Wednesday, July 20, 2005 • Last updated 2:13 p.m. PT

Former King County Elections superintendent arrested


THE ASSOCIATED PRESS

SEATTLE -- Former King County Elections Superintendent Julie Ann Kempf has been arrested for investigation of forgery, theft, criminal impersonation and assault.

Kempf, 40, who was fired in 2002 for what officials called a "pattern of dishonesty," was booked into the King County Jail just after 5 p.m. Tuesday and released less than an hour later, jail records show. The arrest was first reported in the Seattle Weekly on Wednesday.

Sgt. John Urquhart, a King County sheriff's spokesman, did not immediately return calls from The Associated Press seeking comment Wednesday, and Dan Donohoe, a spokesman for the county prosecutor's office, said the investigation was being handled by the state Attorney General's Office.

Janelle Guthrie, a spokeswoman for the Attorney General's Office, confirmed the case had been referred there, but said she could not comment further.


More: http://seattlepi.nwsource.com/local/aplocal_story.asp?category=6420&slug=WA%20Elections%20Arrest&searchdiff=&searchpagefrom=


---------------------------------------------------------------------

Former King County Elections Superintendent Julie Anne Kempf was booked into jail Tuesday, July 19, on investigation of forgery, theft, criminal impersonation, and assault on a police officer, Seattle Weekly has learned.
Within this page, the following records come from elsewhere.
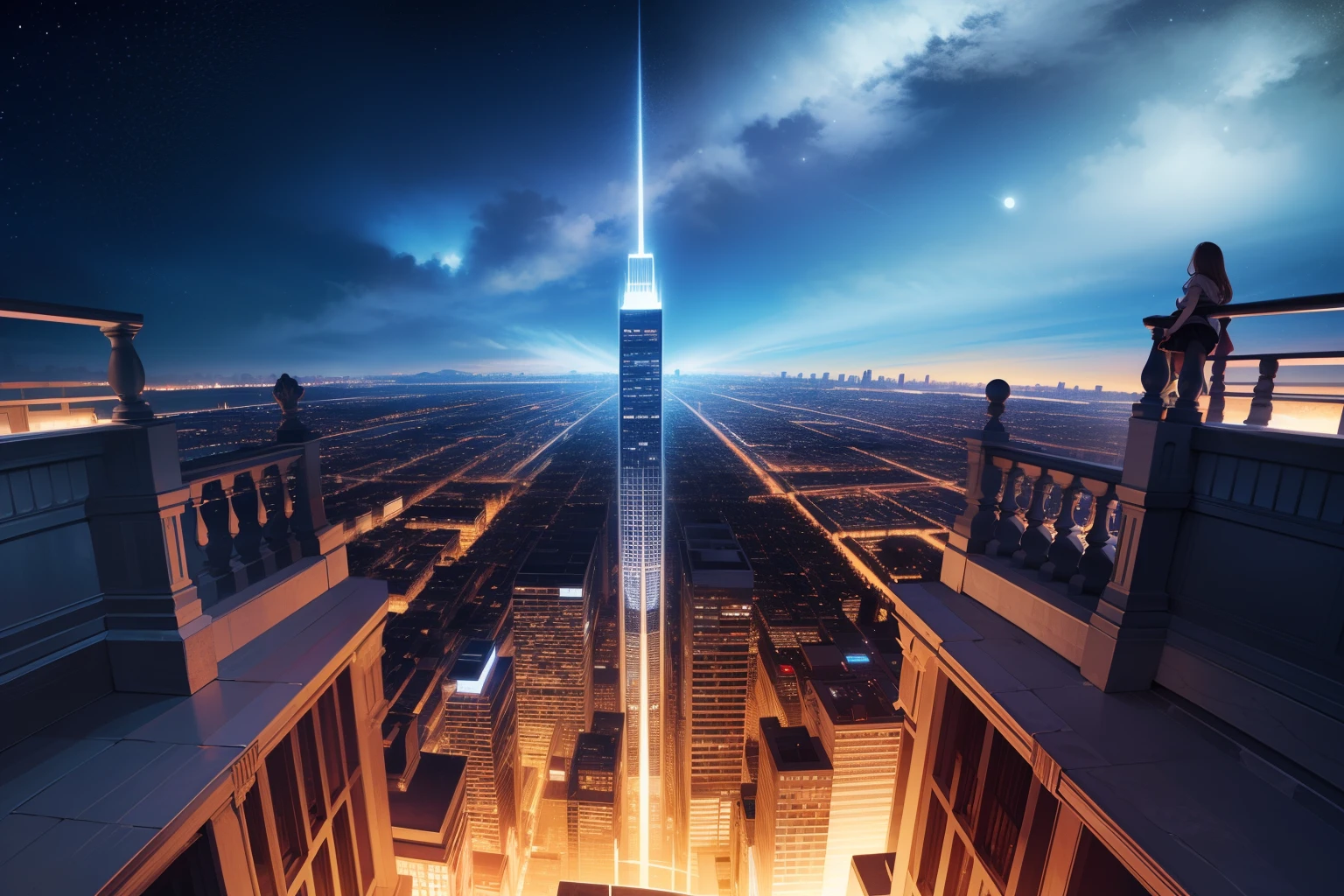 ultra quality, ultla highres, hyper detailed, high contrast, super fine illustration, creative refinement, Starry sky, cityscape, view from the top of the stairs, distant view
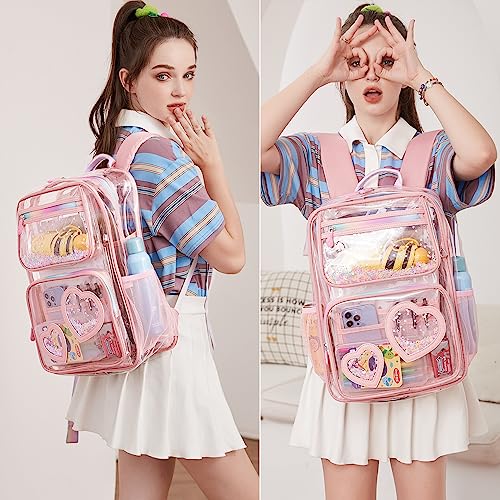 KIDNUO Clear Backpack for Girls Women Transparent Kids Elementary College School Bag Travel Laptop Backpacks Large Bookbags (Pink) - Image 2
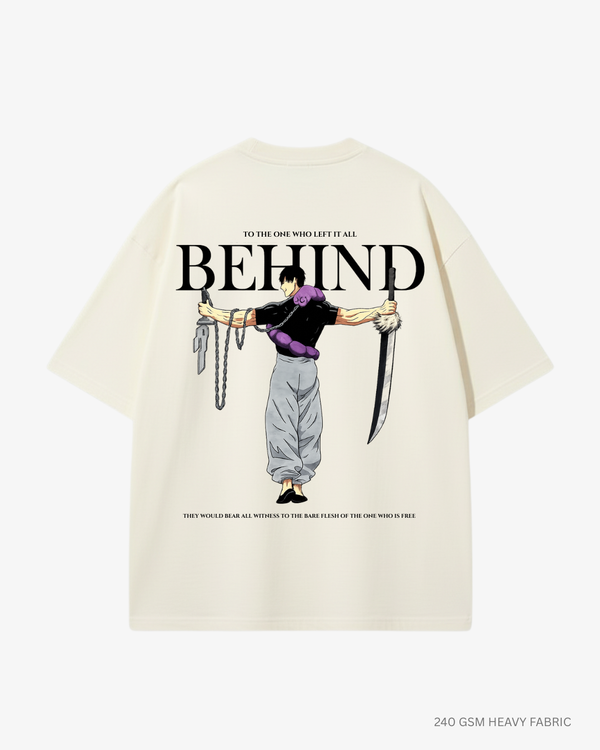 Behind-Toji Fushiro Unisex Oversized T-Shirt | Antherr Core Off-White Cotton 240 GSM
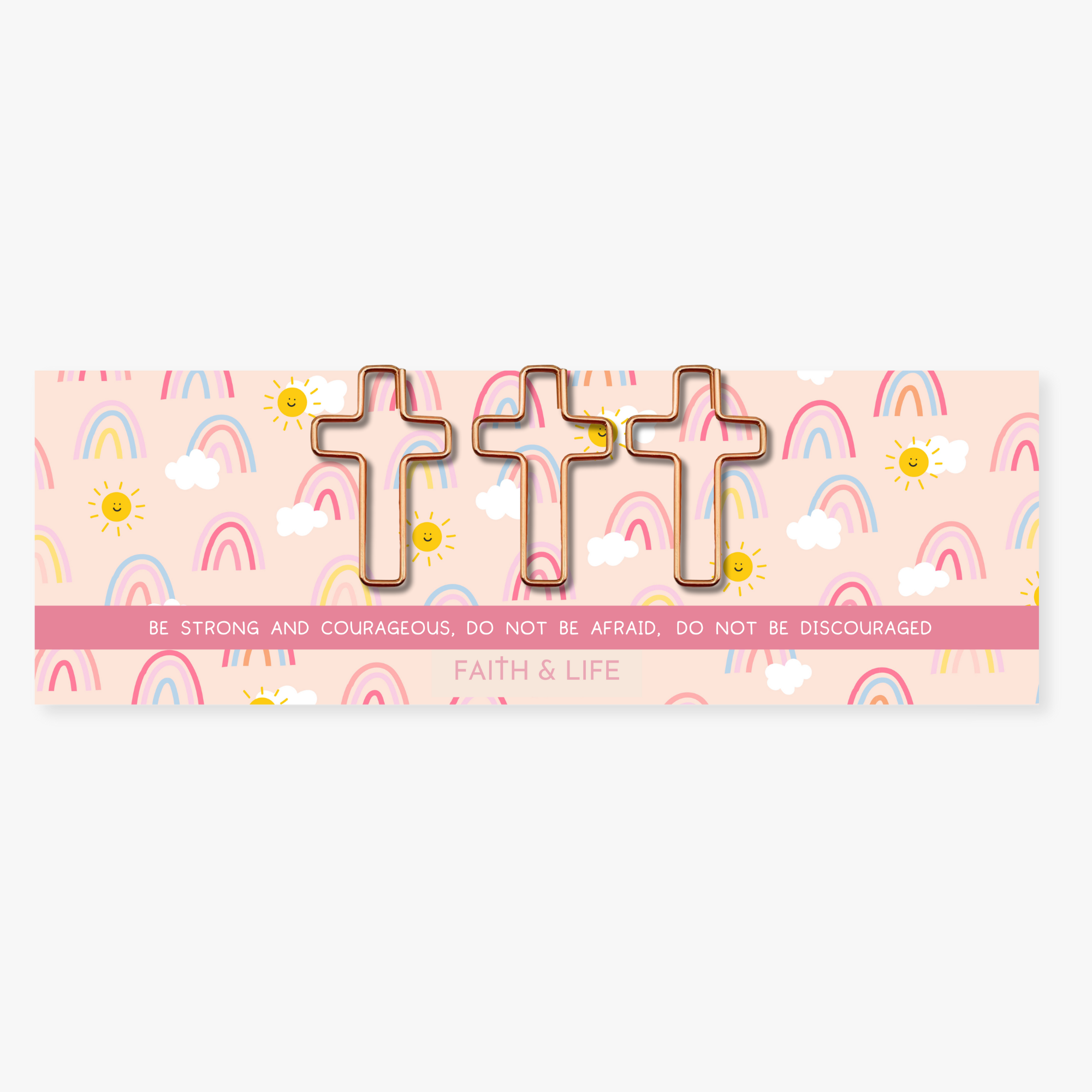 Cross Paperclip and Bookmark Set: Be Strong and Courageous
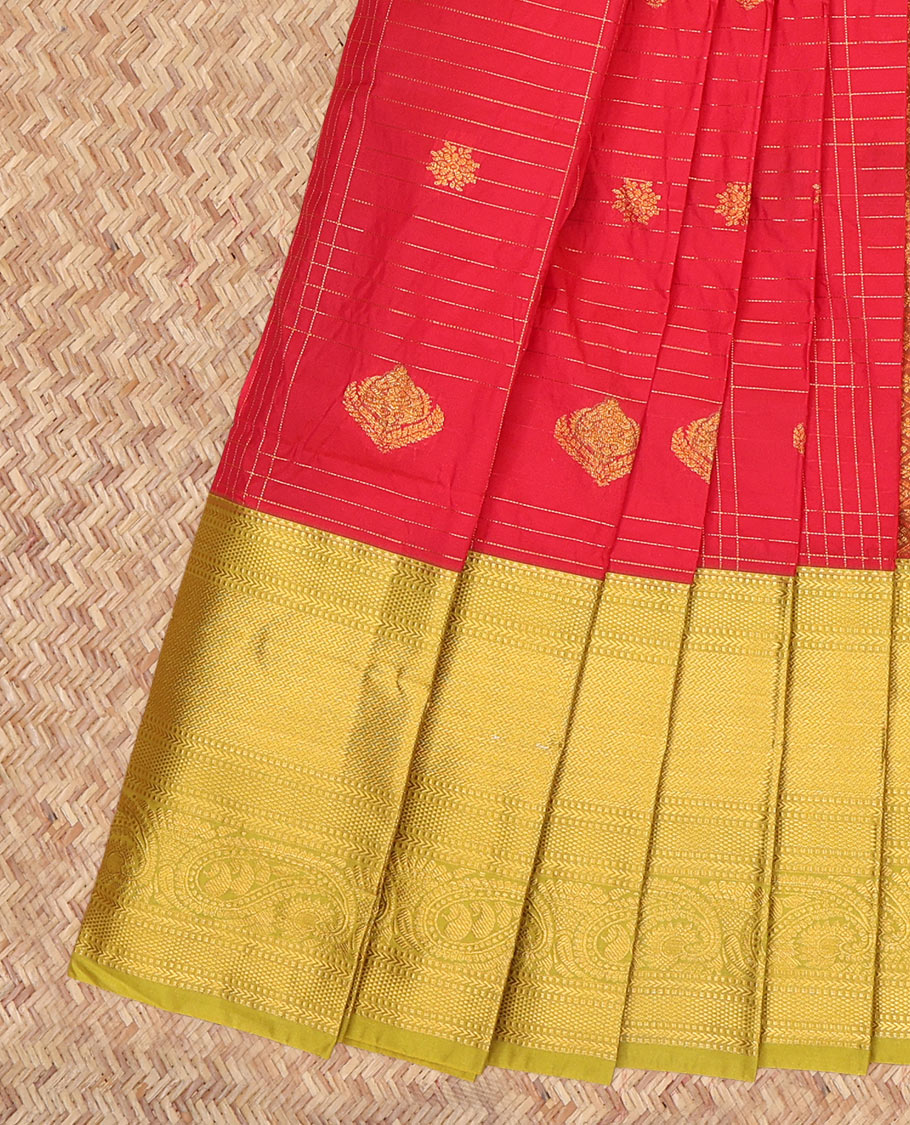 Red Budget Silk Saree, Graced with Zari Buttas Enclosed Checks, a Contrast Traditional Zari Border, Grand Pallu, and a Contrast Blouse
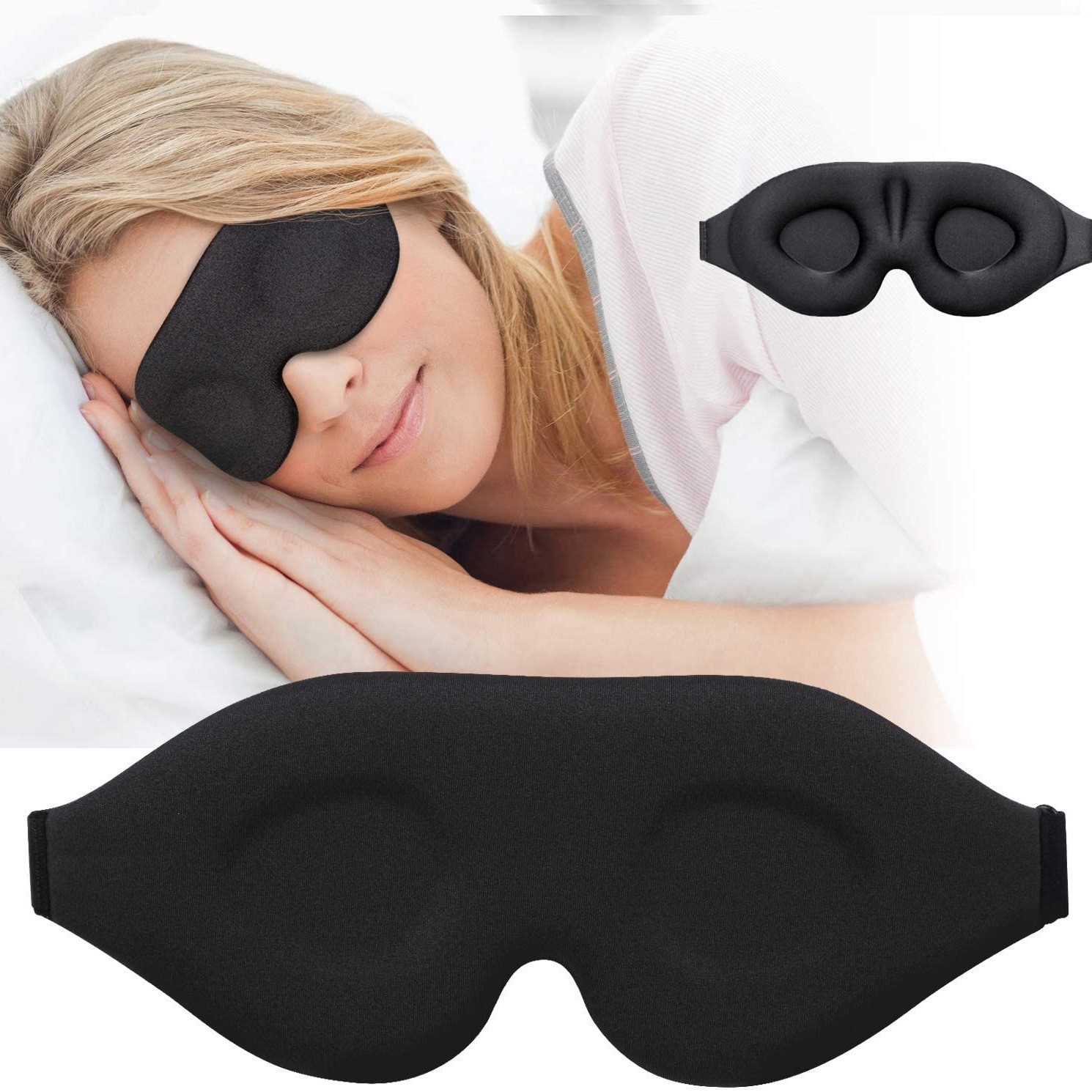 2pcs 3D Sleep Eye Mask for Travel Rest Relax Soft Pad Zero Eye Pressure Black US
The probe that led to her arrest is related to events that occurred after she left her county job in December 2002, but it involves recent incidents connected to the elections office.
No formal charges have been filed, and details are sketchy. But sources say Kempf, 40, allegedly sent current King County Elections Director Dean Logan an e-mail, pretending to be someone else. She is also suspected of inserting false documents into a file of public records while she was reviewing them, allegedly constituting forgery. Sources also say she stopped payment on a check that she had used to pay for the documents and, during an investigative interview attempt last week, allegedly tried to hit a sheriff's detective with her car.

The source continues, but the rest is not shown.